I rushed into the auditorium. I was late by almost one hour. I hate missing ‘Praise and Worship’. For me, that’s the pivotal part of a church service. It gets you prepared for the message.
I caught the last bit of the testimonies and that was very okay. After exchanging a quick hello with the lady beside me, I brought out my Bible and got ready for the word. Then I felt someone poke me on my left arm. The lady beside me. She said; “Oh my goodness! You’re so very beautiful.” I was taken aback. I was confused and if I was white, I bet I’ll have turned three shades of red. I responded gracefully with a smile and a ‘Thank you’. Did I feel beautiful? At that moment, maybe a little if I consider the imaginary size of my head. Humpty Dumpty doesn’t even come close. Lol.
Okay, I admit, I did enjoy the compliment…a lot. But right after that, we got into worship and I was teary-eyed and lost in the heavenly zone. I was thinking of God’s overwhelming love for me and how His grace has held me up all these time.
Rewind to two weeks after I gave my life to Christ, one of my friends was shocked and said, “You’re going to let all that beauty go to waste?” I nodded. “No party, no nice clothes, no booze and boys?” I was amused at the horrified look on his face.
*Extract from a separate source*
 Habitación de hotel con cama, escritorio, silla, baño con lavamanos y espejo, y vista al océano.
He looked as though someone just gave him my obituary.
Although I was amused, I felt a little trepidation as he reminded me too vividly of what I would be missing dare I choose the path of the Cross. I look back 27 years in the Lord and I have not had one day of regret. In fact, my only regret is that I didn’t know Christ earlier. I wish I had. I wish I could have avoided the romance with the world. There’s nothing to it. It’s all vanity.
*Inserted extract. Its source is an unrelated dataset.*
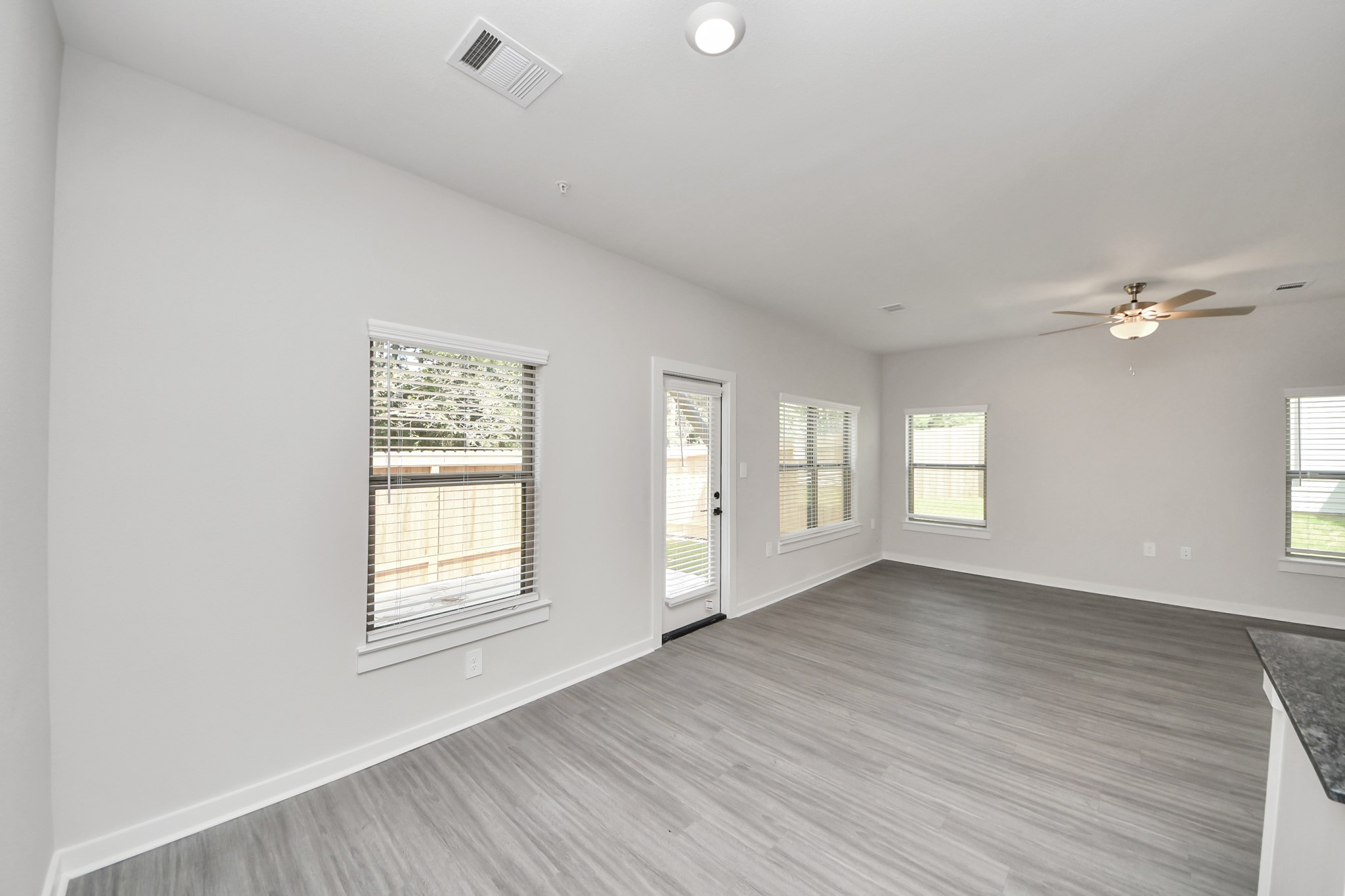 7711 Longmire Road, Unit 195 Conroe, TX 77304 - Photo 48 of 48 Boasting luxury finishes-stylish Island kitchen,granite counters,subway tile backsplash,ample custom cabinet space,stainless appliances,refrigerator,full size washer&dryer included,wood-like floors throughout,open concept floor plan.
My life has been beautiful with Christ and the physical beauty is just a shell, an added bonus. I have never felt more beautiful than being in Christ and knowing my Saviour looks at me tenderly with the eyes of love. Knowing that I was worth dying for makes me feel absolutely stunningly more beautiful everyday. He made my life so beautiful and… I don’t know any other definition of beauty comparable to this.